Makalah Kelompok V
Falsafah Sains (PPs 702)
Program Pasca Sarjana
Institut Pertanian Bogor
April 2001
Dosen:
Prof Dr Ir Rudy C Tarumingkeng (Penanggung Jawab)
Prof Dr Ir Zahrial Coto
Re-edited 21
July 2001, Rudy C Tarumingkeng, PhD
Oleh:
Yushinta Fujaya (Editor),
Andi Murfi, Endang T. Margawati, Fajar Basuki, Nevy
Diana Hanafi, Ristika Handarini, Rukmiasih, Surya
Natal Tambing, W. Marlene Nalley
TINJAUAN ONTOLOGI TEKNOLOGI REPRODUKSI
Pengertian Teknologi Reproduksi
TINJAUAN EPISTEMOLOGI TEKNOLOGI REPRODUKSI
Dasar Pengembangan Teknologi Reproduksi
TINJAUAN AKSIOLOGI TEKNOLOGI REPRODUKSI
Manfaat dan Kerugian Penerapan Teknologi Reproduksi
Implikasi Theologika, Etika, Legalitas,dan Sosial
Manusia
adalah makhluk yang unik. Ia tahu bahwa ia tahu dan ia
tahu bahwa ia tidak tahu. Ia
mengenal dunia sekelilingnya dan lebih dari itu ia mengenal dirinya sendiri.
Manusia memiliki akal budi, rasa, karsa, dan daya cipta yang digunakan
untuk memahami eksistensinya, dari mana sesungguhnya ia berasal, dimana berada
dan akan kemana perginya. Pertanyaan-pertanyaan selalu muncul, akan tetapi
pertanyaan itu belum pernah berhasil dijawab secara tuntas. Manusia tetap saja
diliputi ketidaktahuan. Demikianlah sesungguhnya
manusia, siapa saja, eksis dalam suasana yang diliputi dengan pertanyaan–pertanyaan.
Manusia eksis di dalam dan pada dunia filsafat dan filsafat hidup subur
di dalam aktualisasi manusia.
Berdasarkan rasa, karsa dan daya cipta yang dimilikinya manusia
mengembangkan ilmu pengetahuan dan teknologi (IPTEK). Namun, perkembangan
teknologi yang luar biasa menyebabkan manusia “lupa diri”.

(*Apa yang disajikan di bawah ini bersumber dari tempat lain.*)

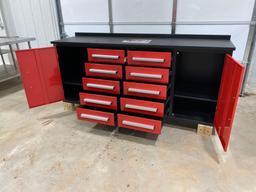 UNUSED 2022 STEELMAN 7FT WORK BENCH 10 DRAWERS AND 2 CABINETS DRAWERS LOCK AND HAVE ANTI SLIP INNERS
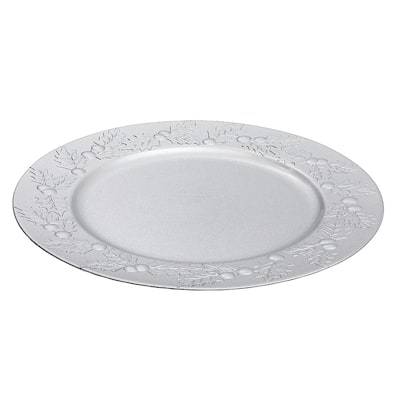 Charger Plate (Hollyberries) (Silver) (13") - Set of 6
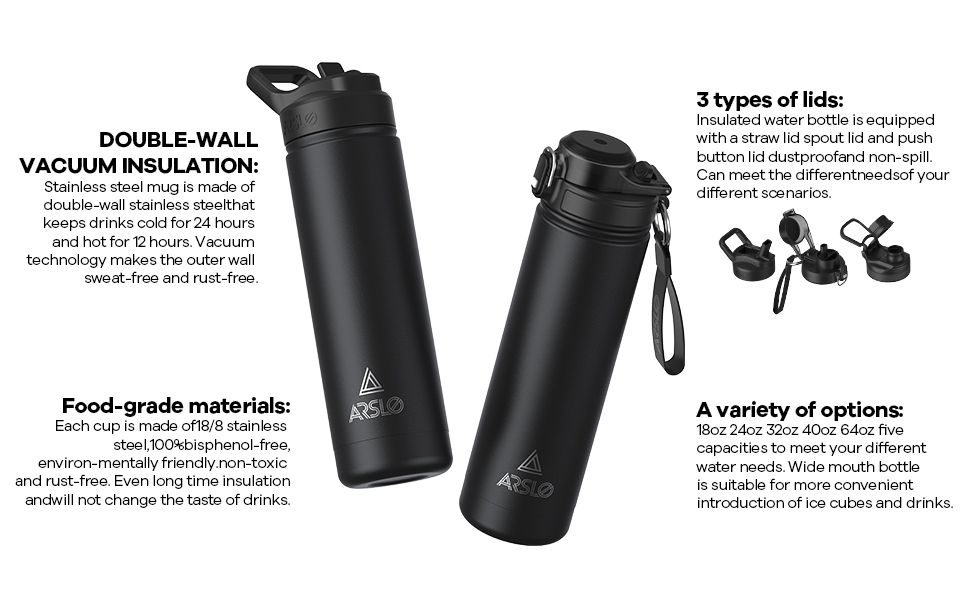 Arslo 40 OZ Water Bottles With Straw Lid, Stainless Steel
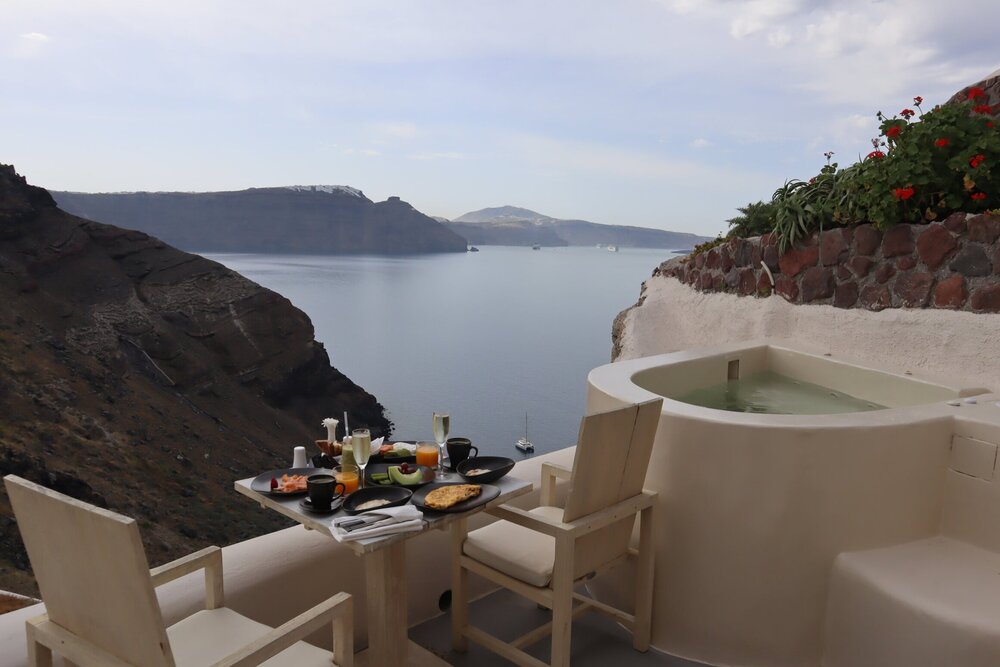 Hand-delivered room service breakfast at Mystique Santorini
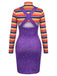 2PCS Abito Blu Anni '60 a Righe Collo Alto Top e Overall 7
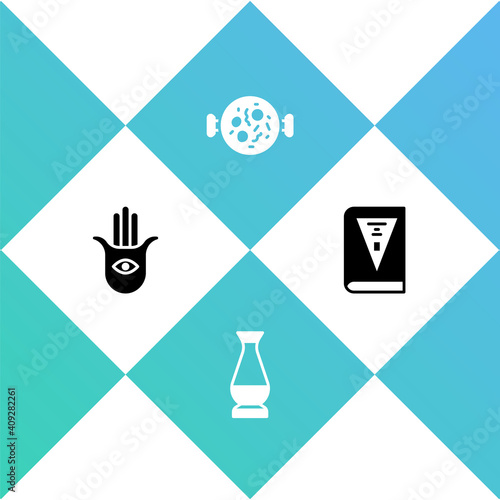 Set Hamsa hand, Indian vase, Chicken tikka masala and constitution day icon. Vector.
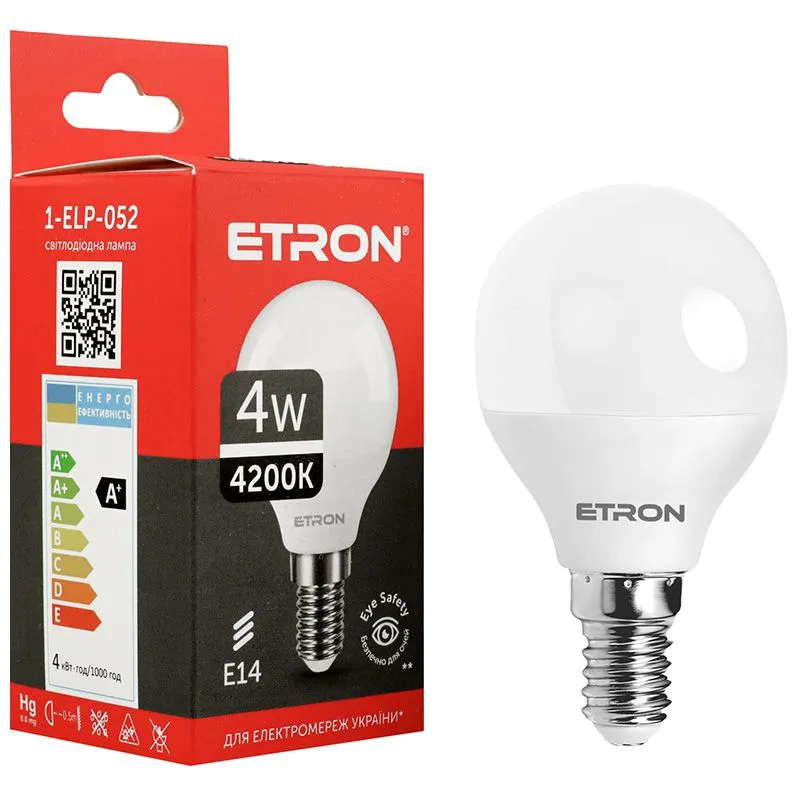 Лампа світлодіодна Etron, 4 W, G45, E14, 4200 K, 1-ELP-052 купити недорого в Україні, фото 1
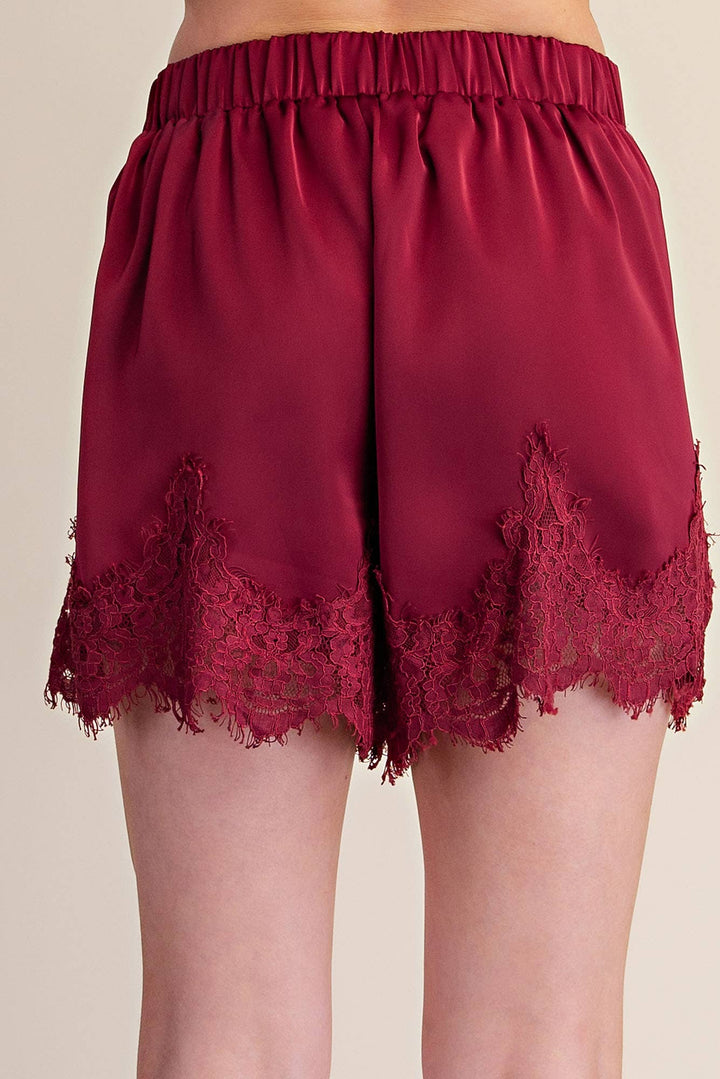 Satin Short With Lace Trim Detail-Glam-Shop with Bloom West Boutique, Women&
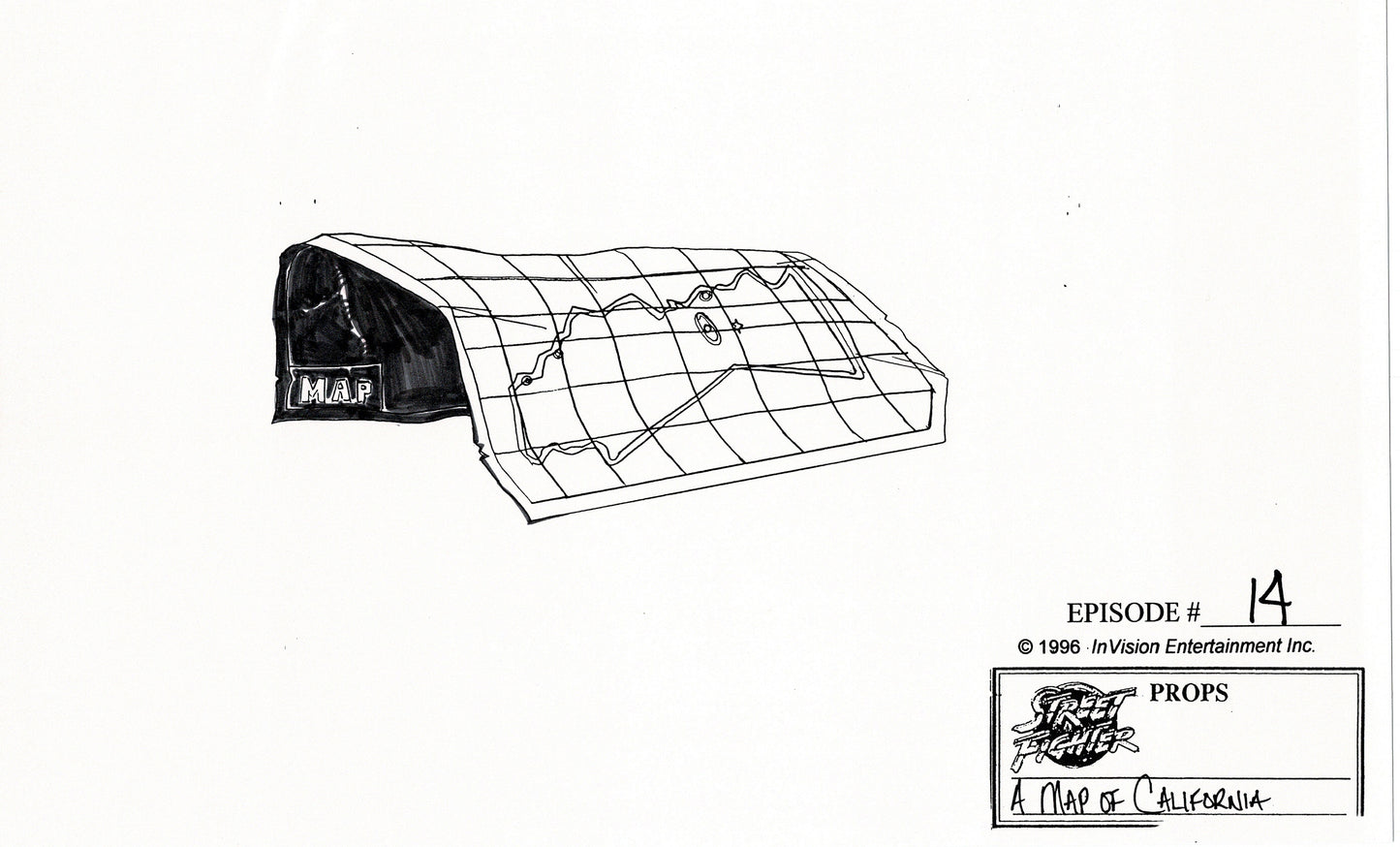 Street Fighter Model Original Hand-Drawn Group of 2 1996 Episode 14 Capcom B-17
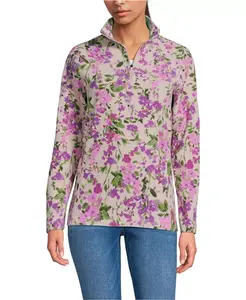 Женская удлиненная флисовая толстовка с молнией на четверть Anyweather Lands' End, розовый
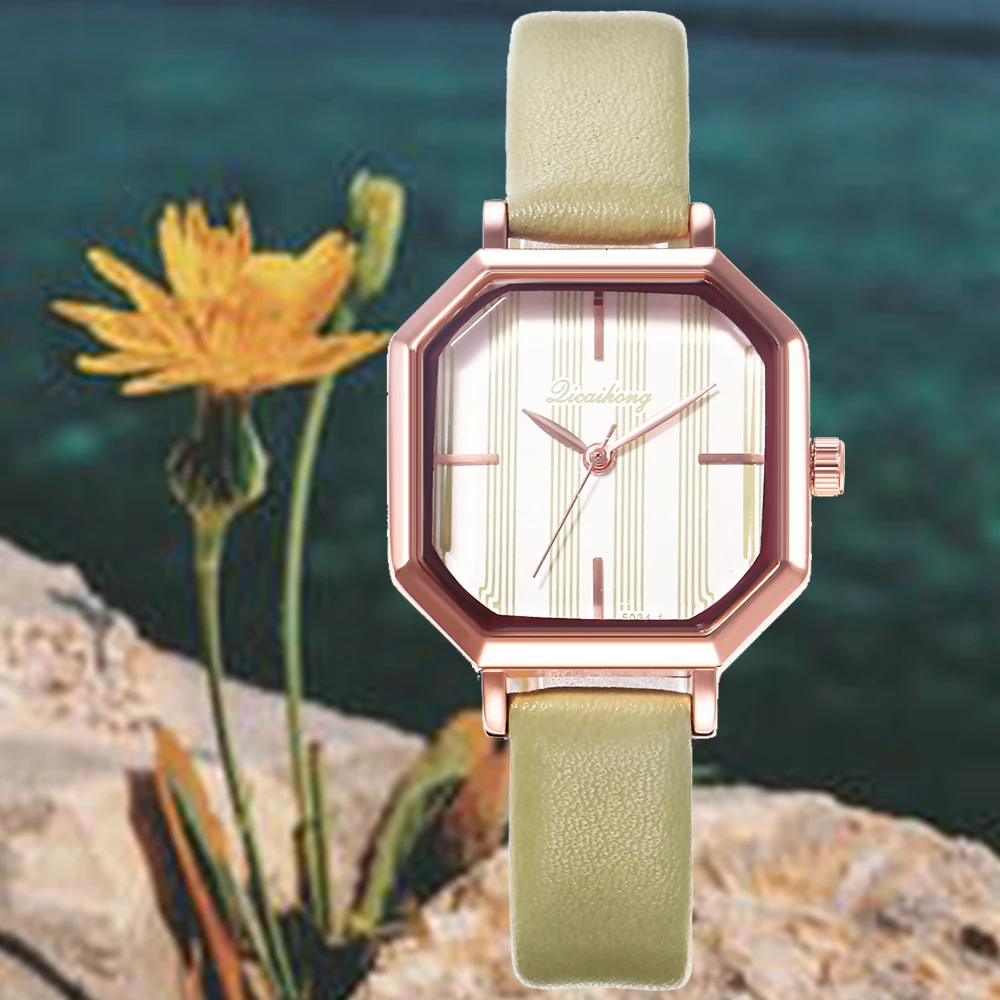 

Creative Simple Square Leather Ladies Watch Fashion Leather Ladies Analog Quartz Wrist Watch Clock Saat Gift Reloj Mujer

Manusia menjadi individual, egoistik dan eksploitatif, baik terhadap diri
sendiri, sesamanya, masyarakatnya, alam lingkungannya, bahkan terhadap Tuhan
Sang Penciptanya sendiri. Karena
itulah filsafat ilmu pengetahuan dihadirkan ditengah-tengah keaneka ragaman
IPTEK untuk meluruskan jalan dan menepatkan
fungsinya bagi hidup dan kehidupan manusia di dunia ini.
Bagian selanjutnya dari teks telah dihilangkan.